* Problem statement
Wherever a line of the records contains "gold", copy that line.

* Information provided
○ ○ ○ ○
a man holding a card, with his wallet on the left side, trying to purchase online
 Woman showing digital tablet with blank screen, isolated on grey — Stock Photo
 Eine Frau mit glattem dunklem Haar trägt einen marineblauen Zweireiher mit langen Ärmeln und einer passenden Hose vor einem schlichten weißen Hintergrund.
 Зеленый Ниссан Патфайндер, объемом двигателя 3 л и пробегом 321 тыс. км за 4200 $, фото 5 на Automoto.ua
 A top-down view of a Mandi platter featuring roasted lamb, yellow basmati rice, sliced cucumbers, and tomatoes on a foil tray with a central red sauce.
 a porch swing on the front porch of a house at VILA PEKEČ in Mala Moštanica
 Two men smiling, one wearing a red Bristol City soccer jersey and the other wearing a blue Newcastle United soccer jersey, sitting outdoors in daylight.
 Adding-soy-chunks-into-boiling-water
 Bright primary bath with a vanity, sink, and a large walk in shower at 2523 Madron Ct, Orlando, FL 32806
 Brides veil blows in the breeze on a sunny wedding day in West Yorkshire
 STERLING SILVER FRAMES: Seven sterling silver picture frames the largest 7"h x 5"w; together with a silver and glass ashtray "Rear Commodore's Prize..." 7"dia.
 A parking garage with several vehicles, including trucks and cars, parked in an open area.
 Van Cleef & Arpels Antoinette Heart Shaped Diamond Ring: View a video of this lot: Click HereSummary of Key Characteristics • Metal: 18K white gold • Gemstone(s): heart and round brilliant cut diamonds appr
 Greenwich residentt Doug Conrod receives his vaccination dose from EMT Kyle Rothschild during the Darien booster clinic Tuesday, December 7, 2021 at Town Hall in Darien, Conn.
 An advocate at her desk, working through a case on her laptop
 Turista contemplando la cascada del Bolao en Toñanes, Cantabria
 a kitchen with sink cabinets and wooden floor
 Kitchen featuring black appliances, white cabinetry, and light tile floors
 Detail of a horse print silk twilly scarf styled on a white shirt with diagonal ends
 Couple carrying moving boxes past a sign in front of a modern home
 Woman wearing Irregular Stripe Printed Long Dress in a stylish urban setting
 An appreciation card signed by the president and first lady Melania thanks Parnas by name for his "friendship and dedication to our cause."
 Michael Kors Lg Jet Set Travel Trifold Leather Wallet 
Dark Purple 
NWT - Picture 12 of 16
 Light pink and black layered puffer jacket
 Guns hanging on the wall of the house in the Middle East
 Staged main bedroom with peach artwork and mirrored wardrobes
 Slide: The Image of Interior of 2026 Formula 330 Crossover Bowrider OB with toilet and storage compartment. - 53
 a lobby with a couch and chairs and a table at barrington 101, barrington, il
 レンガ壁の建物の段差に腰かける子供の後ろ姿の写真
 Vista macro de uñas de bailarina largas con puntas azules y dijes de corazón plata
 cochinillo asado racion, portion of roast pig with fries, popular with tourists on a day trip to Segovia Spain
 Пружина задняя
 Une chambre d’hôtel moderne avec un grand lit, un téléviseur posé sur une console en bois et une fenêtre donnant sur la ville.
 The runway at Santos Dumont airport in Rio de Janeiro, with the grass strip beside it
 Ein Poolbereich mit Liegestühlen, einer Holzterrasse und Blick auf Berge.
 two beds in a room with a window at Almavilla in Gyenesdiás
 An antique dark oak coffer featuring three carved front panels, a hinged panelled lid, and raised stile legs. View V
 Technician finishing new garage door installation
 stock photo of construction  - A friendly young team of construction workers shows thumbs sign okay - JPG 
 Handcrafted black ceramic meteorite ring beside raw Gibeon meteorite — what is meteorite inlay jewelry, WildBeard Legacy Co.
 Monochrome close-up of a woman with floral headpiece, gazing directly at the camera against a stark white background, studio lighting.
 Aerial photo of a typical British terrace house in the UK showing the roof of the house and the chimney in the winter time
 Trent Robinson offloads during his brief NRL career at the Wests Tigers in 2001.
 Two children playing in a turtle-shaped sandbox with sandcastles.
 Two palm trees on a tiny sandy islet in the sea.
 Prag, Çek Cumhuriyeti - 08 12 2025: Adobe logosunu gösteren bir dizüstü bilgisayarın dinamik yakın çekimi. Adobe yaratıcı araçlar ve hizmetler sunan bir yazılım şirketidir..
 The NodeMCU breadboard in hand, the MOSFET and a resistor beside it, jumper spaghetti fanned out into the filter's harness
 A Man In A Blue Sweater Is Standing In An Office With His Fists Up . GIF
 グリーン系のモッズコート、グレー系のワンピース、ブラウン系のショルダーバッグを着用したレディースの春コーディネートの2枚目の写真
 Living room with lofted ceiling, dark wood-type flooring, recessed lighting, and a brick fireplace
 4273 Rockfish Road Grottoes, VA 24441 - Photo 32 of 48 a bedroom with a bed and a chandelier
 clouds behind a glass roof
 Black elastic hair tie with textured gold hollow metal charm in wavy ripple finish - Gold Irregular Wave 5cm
○ ○ ○ ○
* Answer section
 Van Cleef & Arpels Antoinette Heart Shaped Diamond Ring: View a video of this lot: Click HereSummary of Key Characteristics • Metal: 18K white gold • Gemstone(s): heart and round brilliant cut diamonds appr
 Black elastic hair tie with textured gold hollow metal charm in wavy ripple finish - Gold Irregular Wave 5cm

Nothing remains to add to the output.